Cinta monyetku yang ini lebih jelas daripada kisah sebelumnya. Sebab ini terjadi ketika usiaku menginjak enam tahun. Pada masa itu, aku iri melihat kawan-kawan masuk sekolah. Tapi keirian itu tertahan. Ibuku belum mau mandaftarkan aku ke sekolah. Alasannya, beliau takut aku belum mampu.
Dalam kondisi demikian, aku hanya bisa bertanya pada teman-teman tentang apa yang mereka alami di sekolah. Jawaban yang kudapat tak ada yang menyenangkan. Bagi mereka sekolah itu membosankan. Harus belajar itung-itungan, membaca, mengerjakan PR, distrap di depan kelas dsb.
Namun sesuatu yang beda kutemukan pada sosok Lisnawati. Ia baru kelas I SD. Baginya sekolah menyenangkan. Ia juga sangat menyukai belajar. Kabarnya ia berhasil memeroleh juara kelas pada ulangan Catur Wulan (Cawu) I. Aku juga sering mendengar dia belajar membaca. Suaranya amat lantang melafalkan pelajaran Bahasa Indonesia tiap malam usai Isya.
Penasaranku terhadap Lisnawati yang beda dari teman lainnya ini berbuah keakraban.
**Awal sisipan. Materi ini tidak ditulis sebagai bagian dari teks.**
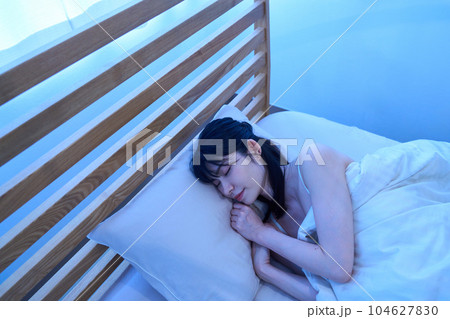 ベッドで眠る女性 ベッドで眠る女性 104627830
Ia selalu menemuiku untuk main bersama sepulang sekolah. Tapi dia tak sendirian. Jumariyah, tetangga Lisnawati beberapa hari terakhir selalu ikut main bersama. Aku memerhatikan saja ketika mereka berdua mulai mengasingkanku dengan mainan khas perempuan. Sebuah mainan kertas, berupa gambar-gambar orang yang bisa diganti-ganti pakaiannya mereka keluarkan. Kami menyebut mainan khas cewek itu BP atau Bongkar Pasang.
Walau aku tak ikut main, tapi aku senang bisa memerhatikan dari dekat wajah ayu Lisnawati. Aku merasakan kebahagiaan luar biasa. Apakah ini namanya cinta?
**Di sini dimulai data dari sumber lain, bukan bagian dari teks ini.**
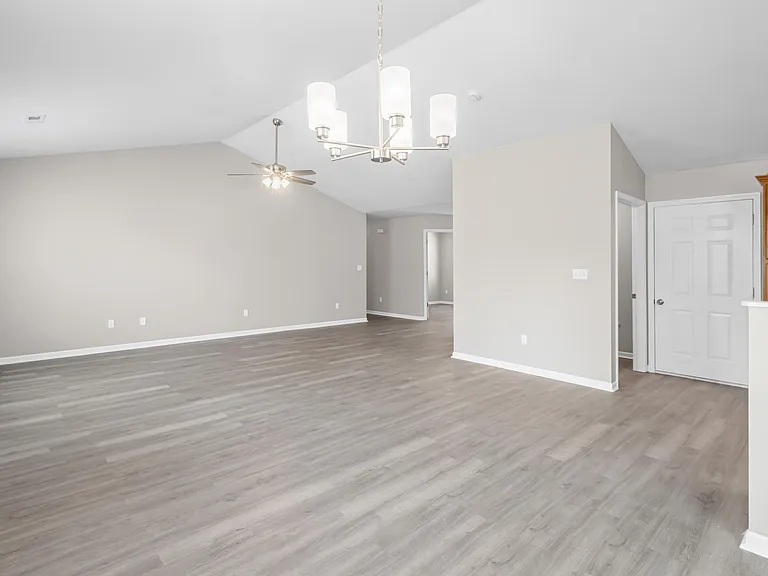 5703 Candlewood Dr — Photo 6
Keasyikanku sedikit terusik dengan hadirnya beberapa orang anak lainnya. Mereka rata-rata kelas III dan IV. Pe’i adalah satu dari mereka. Ia mencandai kami.
“Hayoooo... pacaran ya…? Ih masih kecil sudah pacaran…” kata Pe’i.
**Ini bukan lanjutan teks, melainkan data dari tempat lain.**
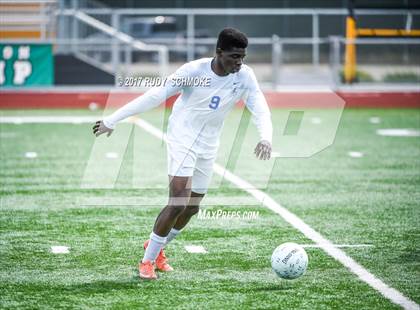 Thumbnail 2 in Holtville vs. Crawford (CIF SDS D4 Final) photogallery.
Aku hanya diam tak tahu harus berbuat apa. Marahkah? Senangkah? Atau nangiskah? Tapi lagi-lagi, timbul rasa PD, bahwa ledekan Pe’i itu adalah pengakuan masyarakat akan cintaku terhadap Lisnawati. Ini berarti aku harus senang menyikapi Ledekan seniorku itu.
Pandangan kuarahkan pada dua perempuanku yang asyik dengan mainannya. Mereka tampak tak peduli dengan kehadiran Pe’i. Apakah mereka tak mengerti cinta? Atau mereka, terutama Lisnawati, merasakan hal sama sepertiku, yakni senang karena dapat pengakuan dari senior bahwa kita sedang pacaran?
Belum selesai aku berfikir, Sri Wahyuni, siswa kelas IV yang datang bersama Pe’i tadi, mengajak kami semua bermain “manten-mantenan” atau pengantin-pengantinan. Permainan ini semacam simulasi pernikahan. Aku, Lisnawati dan Jumariyah adalah pengantinnya. Kelima seniorku mendandani kami bak seorang raja dan permaisuri. Aku berperan sebagai seorang pengantin lelaki yang menikahi dua perempuan. Pe’i dan Udin menyiapkan tiga kursi. Setelah siap, aku dipersilakan duduk di tengah. Sedangkan Lisnawati di samping kananku dan Jumariyah di sebelah kiri.
Tak tahu bagaimana menggambarkan perasaanku saat itu. Yang jelas aku melihat kedua istri-istrianku itu sangat cantik luar biasa. Aku pun benar-benar merasakan untuk kali kedua, jatuh cinta pada dua hati dalam waktu yang sama.
Esok harinya, Lisnawati mendatangiku. Kabarnya ia kena marah orang tuanya karena main manten-mantenan dengan make up sembarangan. Ya memang, make up yang kami gunakan adalah make up ala rimba. Para seniorku mendandani kami dengan dedaunan, bedak dari batu-bata yang dileburkan dan sebagainya. Parah memang. Hahahaha.
Tapi cerita Lisnawati itu tak membuat teman-teman seniorku kapok. Mereka mengajakku dan Jumariyah untuk kembali bermain itu lagi. Hingga hari ketiga kami bosan dan tak lagi mau diajak main itu lagi. Kami berganti main dagang-dagangan. Aneka dedaunan dan batang pisang kami jadikan barang dagangan. Daun becah belah adalah uangnya. Semakin lebar semakin besar nilainya. Dalam masa ini, cintaku pada Jumariyah berkembang pesat. Nyaris menyisihkan cintaku pada Lisnawati yang tak lagi mau main bersama kami karena larangan orang tua.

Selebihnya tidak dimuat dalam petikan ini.